# [Work request]
This exercise calls for the data below to be retyped exactly, minus any images.

# [Record extracts]
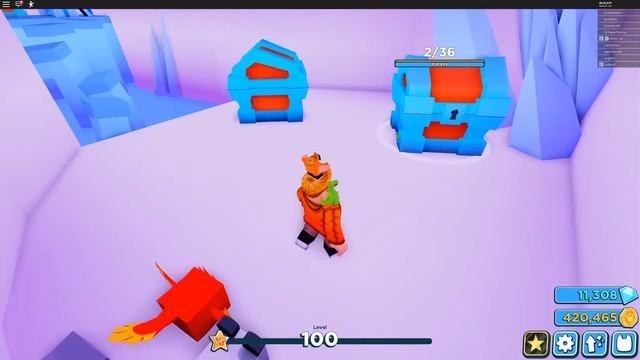 GOLDEN PETS & SECRET WINTER ROOM in PET SIMULATOR 2 смотреть онлайн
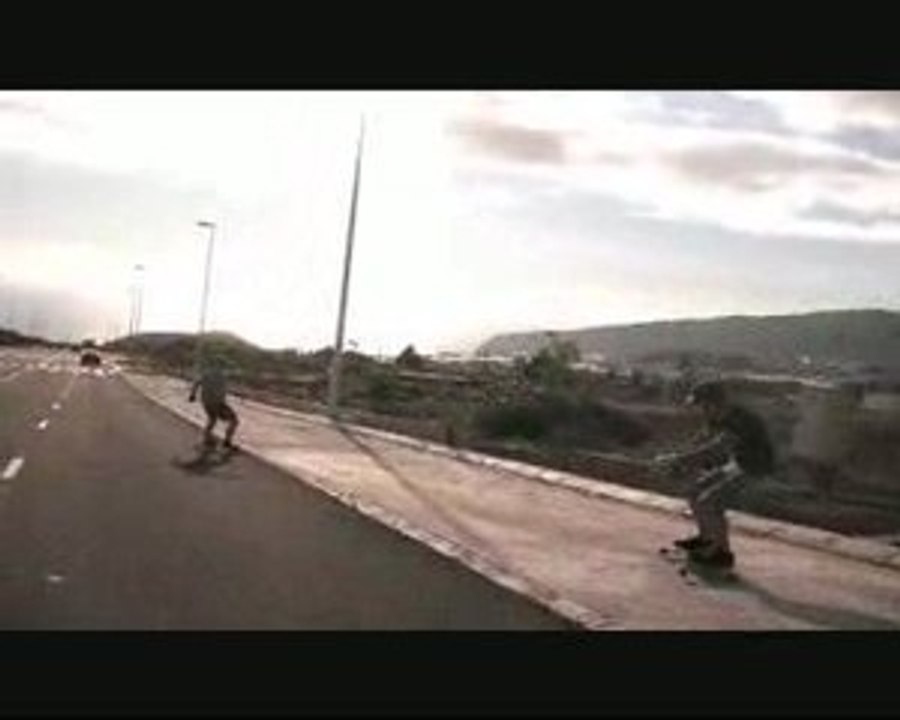 Freebord downhill riding la palma 2009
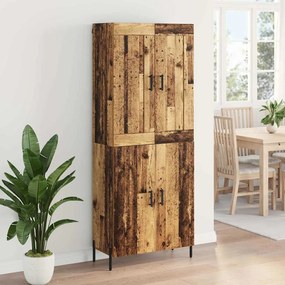 vidaXL Highboard 2 pcs Παλιό Ξύλο Επεξεργασμένο ξύλο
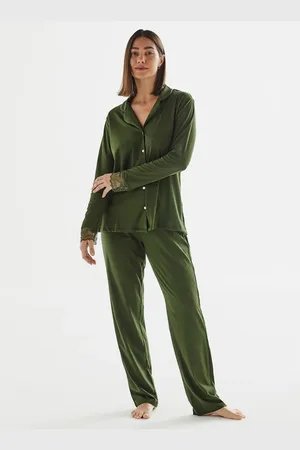 Liz Calça de Pijama de Algodão 20703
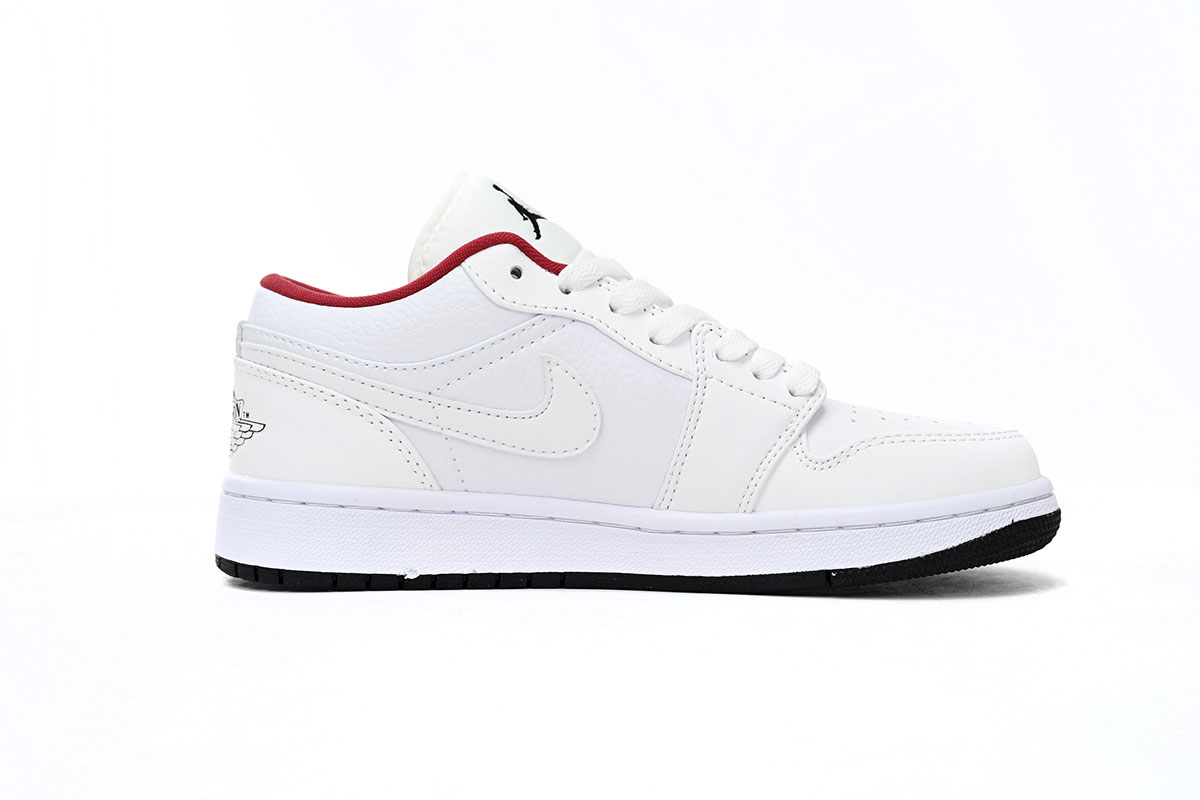 Air Jordan 1 Low All-white Red 553560-164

# [Solution to this exercise]
 GOLDEN PETS & SECRET WINTER ROOM in PET SIMULATOR 2 смотреть онлайн
 Freebord downhill riding la palma 2009
 vidaXL Highboard 2 pcs Παλιό Ξύλο Επεξεργασμένο ξύλο
 Liz Calça de Pijama de Algodão 20703
 Air Jordan 1 Low All-white Red 553560-164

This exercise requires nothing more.